‘Directing Hamlet’ is rich with subtext
A probing look at life and the theater
By Rita Moran
Thursday, June 23, 2011
“Directing Hamlet,” Michael Perlmutter’s well-wrought and well-acted drama, is in the Backstage space at the Santa Paula Theater Center, but is surely destined for a main stage. Perlmutter, whose career includes acting, directing and playwriting, is on a roll locally. Another of his plays (“My Perfect Alibi”) was staged recently at the Bell Arts Factory in Ventura.
But there’s nothing hidden about his talent, which shines in the sophistication of the subject matter and dialogue in “Directing Hamlet.” Dealing with a has-been director and a novice actor (played keenly by Joe Boles and Curtis Cline, respectively), Perlmutter turns a coaching session for Shakespeare’s tragedy into a probing look into life and theater, mixing and matching the old saying “Art imitates life,” or occasionally, “Life imitates art.”

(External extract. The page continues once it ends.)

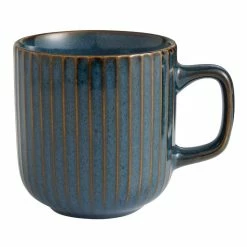 World Market Blue Reactive Glaze Ribbed Ceramic Mug Set Of 2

Boles as Lee, the grumpy, sometimes preoccupied director, and Cline as Brian, the young man at the beginning of an acting career, enjoy a rough-and-tumble relationship from the very first word of Brian’s attempt to recite “Speak the speech, I pray you ,” one of Hamlet’s singular moments.

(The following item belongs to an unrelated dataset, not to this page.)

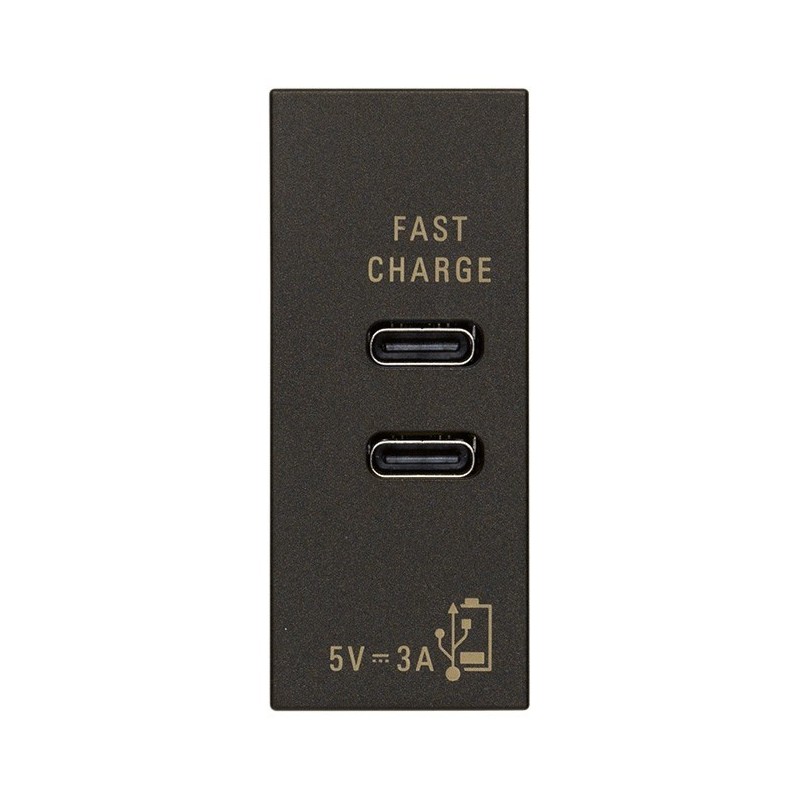Caricatore USB con 2 porte Tipo C 5V 3A Vimar Linea Nera 30292.CCG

Perlmutter’s pair of actors is charged not only with speaking the speech but also with conveying the subtext of each man’s shaping moments and relationships offstage, the incremental revelation of which leads to an understanding of what the brief coaching sessions are really about.

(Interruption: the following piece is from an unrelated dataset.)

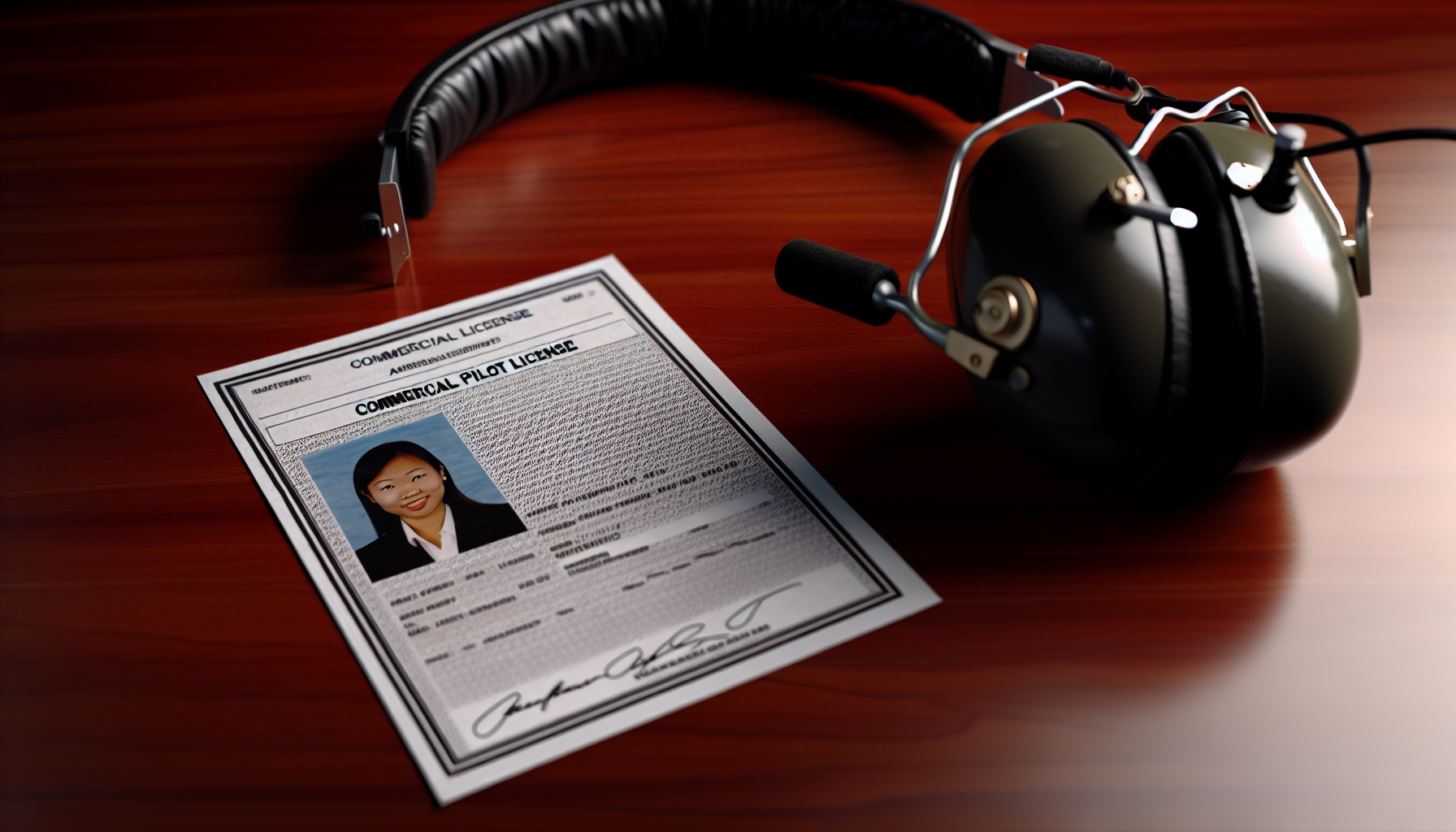 Commercial pilot license document and aviation headset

Despite the serious undertone, Perlmutter provides wit along with wisdom. The opening scene, in which Lee overruns every attempt by Brian to finish a line, or even a phrase, is as amusing to the audience as it is frustrating to the young actor.
But the point is made, missed so often in performances both professional or amateur, that Shakespeare’s lines actually mean something and should be delivered less as declamatory speeches and more as conversational communication.
The lesson dawns on Brian to some satisfaction for Lee, despite the answer to his original question about why the young man wants to play Hamlet, surely one of the Bard’s most difficult roles: “Because it would look good on my résumé.” That’s not the soul-searching response Lee wants to hear, but it is honest, and probably rings true for many actors.
Despite the gap between the two men in age, philosophy and to some extent, life experiences, they find their way to understanding through the inch-by-inch personal exchanges pushed by Lee. A final revelation is abrupt, though not totally unexpected. Perlmutter might add just a few more lines to make that final point, though the shock effectively leaves audiences gasping.
Boles, who near the conclusion of the play gets to recite the great “To be or not to be” lines (and aces them), and Cline do well by Shakespeare’s text, and by Perlmutter’s. Audiences are bound to want to hear more of the latter in future plays by the skilled writer.